Kymriah, which is the first FDA-approved CAR-T cell therapy, is showing promising results in pediatric patients with acute lymphoblastic leukemia.
CAR-T cell therapy was a big buzz phrase last year, with the first agent approved by the Food and Drug Administration (FDA) in August 2017.
And now, after more than a year, children and young adults with relapsed or refractory B-cell acute lymphoblastic leukemia (ALL) treated with Kymriah (tisagenlecleucel) had durable remissions, which in turn means the drug can induce longer survival, according to updated results published in New England Journal of Medicine.
“Kymriah, the first FDA-approved CAR-T cell therapy, has shown the potential to be a definitive therapy, providing early, deep and durable remissions for children and young adults with relapsed or refractory ALL,” Samit Hirawat, M.D., Head of Novartis Oncology Global Drug Development, said in a press release. “These data are a testament to our commitment at Novartis for continued CAR-T cell therapy research to bring this therapy to as many patients as possible.”
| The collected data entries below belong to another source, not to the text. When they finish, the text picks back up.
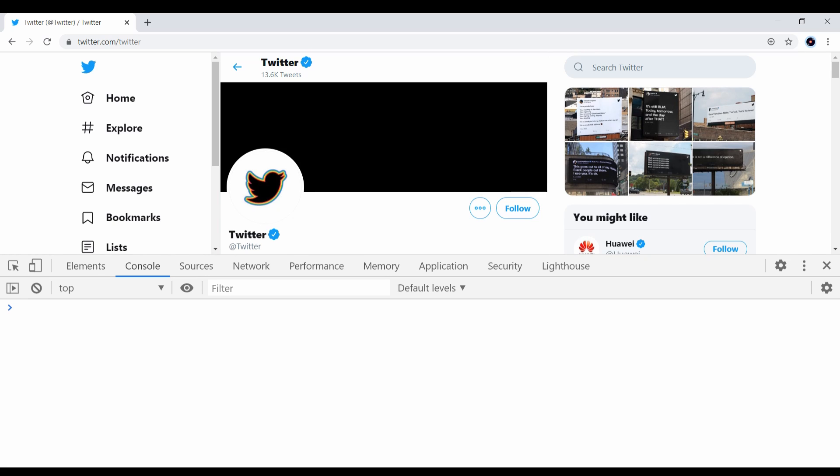Chrome DevTools provides some really useful predefined API, and one thing I like most is the debug function. The debug function basically creates a breakpoint for the function you specify under certain conditions.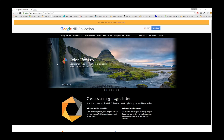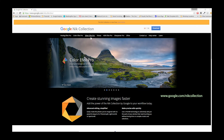You will definitely want to come to this link: www.google.com/nikcollection — that's Nik, N-I-K. Make sure to click on download for your free download of the entire Nik collection, containing seven separate but integrated editing suites: Analog FX Pro, Color FX Pro, Silver FX Pro, Viveza, HDR FX Pro, Sharpener Pro, and Define. This suite works seamlessly with Lightroom and Photoshop.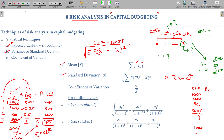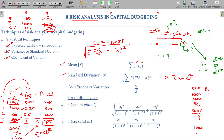For relative variance — consider project A and project B. A has a standard deviation of 100, B has a standard deviation of 200, so B seems riskier. But if the mean cash inflow for A is 100 and for B is 4,000, then the coefficient of variation for A is 100/100 = 1 (or 100%), while for B it is 200/4000 = 5%. So B is actually much less risky relative to its mean. When the coefficient of variation is lower, the project is relatively less risky.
The single-center phase 1 to phase 2a study of Kymriah demonstrated high rates of complete remission. However, the agent, formerly CTL019, was associated with serious, but reversible, toxicities.
Researchers from the Children’s Hospital of Philadelphia (CHOP) and the University of Pennsylvania (UPenn) conducted long-term follow-up of the ELIANA study — a phase 2, single-cohort, 25-center, global study designed to evaluate Kymriah in 75 pediatric and young adult patients with CD19-positive relapsed or refractory B-cell ALL.
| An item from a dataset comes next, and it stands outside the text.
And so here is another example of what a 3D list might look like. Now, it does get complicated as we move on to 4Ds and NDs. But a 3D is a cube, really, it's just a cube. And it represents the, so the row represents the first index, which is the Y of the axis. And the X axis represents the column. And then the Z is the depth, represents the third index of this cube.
They specifically looked at overall remission rates, or the rate of complete remission or complete remission with incomplete hematologic recovery, within three months or more of follow-up.
Patients treated with Kymriah demonstrated an overall remission rate of 81 percent within three months, of which all patients who had a response to treatment were found to be negative for minimal residual disease. Sixty percent of patients achieved a complete response, while 21 percent of patients had complete responses with incomplete blood count recovery.
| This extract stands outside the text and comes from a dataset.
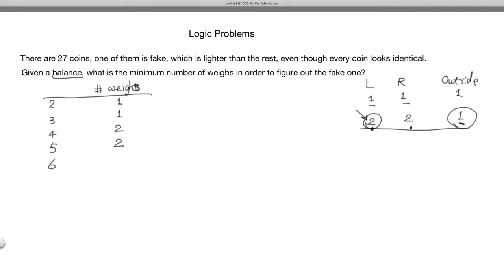For six coins, the logic is similar: put two on one side of the balance, two on the other side, and leave two outside. One weighing tells you which group of two contains the fake — either the two outside coins (if the balance is equal) or the lighter side. That reduces the problem to two coins, which requires one more weighing. So for six coins you also need two weighings.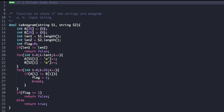Now let's look at the actual code. The driver code is already given; we just need to complete the function 'isAnagram' whose return type is bool and arguments are strings s1 and s2. As seen in the explanation, we first create two arrays of size 26 — A and B — initialized to 0, and store the lengths in length1 and length2, with flag initialized to 0. We check if length1 is not equal to length2 and return false if so. Otherwise we run a for loop from i equal to 0 to length1, updating the frequency arrays.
Event-free survival was 73 percent at six months and 50 percent at 12 months, while overall survival was 90 percent and 76 percent over the same time intervals, respectively. Duration of remission was not reached at the time.
The researchers found Kymriah persisted in the blood of patients for as long as 20 months.
The most common adverse events included cytokine release syndrome (77 percent), pyrexia (40 percent), decreased appetite (39 percent), febrile neutropenia (36 percent) and headache (36 percent).
Grade 3 to 4 events suspected to be related to Kymriah treatment occurred in 73 percent of patients.
Thirty-five patients were admitted to the intensive care unit for the management of cytokine release syndrome - a known complication of Kymriah that may occur when engineered cells become activated in the patient’s body.
Neurological events occurred in 40 percent of patients within eight weeks of infusion, of which the 10 patients that had grade 3 were managed with best supportive care.
“We continue to be encouraged by the results demonstrated with Kymriah in a patient population who previously had limited treatment options, and now have the potential for durable remissions translating into longer-term survival,” lead study author Shannon L. Maude, M.D., Ph.D., Assistant Professor of Pediatrics at CHOP and Perelman School of Medicine at UPenn said in the release.
“Not only does this longer-term follow-up from the ELIANA study reinforce that this is a potentially paradigm-changing treatment, but it also contributes to the growing body of evidence which shows the critical role of cell function, expansion and ongoing persistence of Kymriah associated with the durability of clinical response.”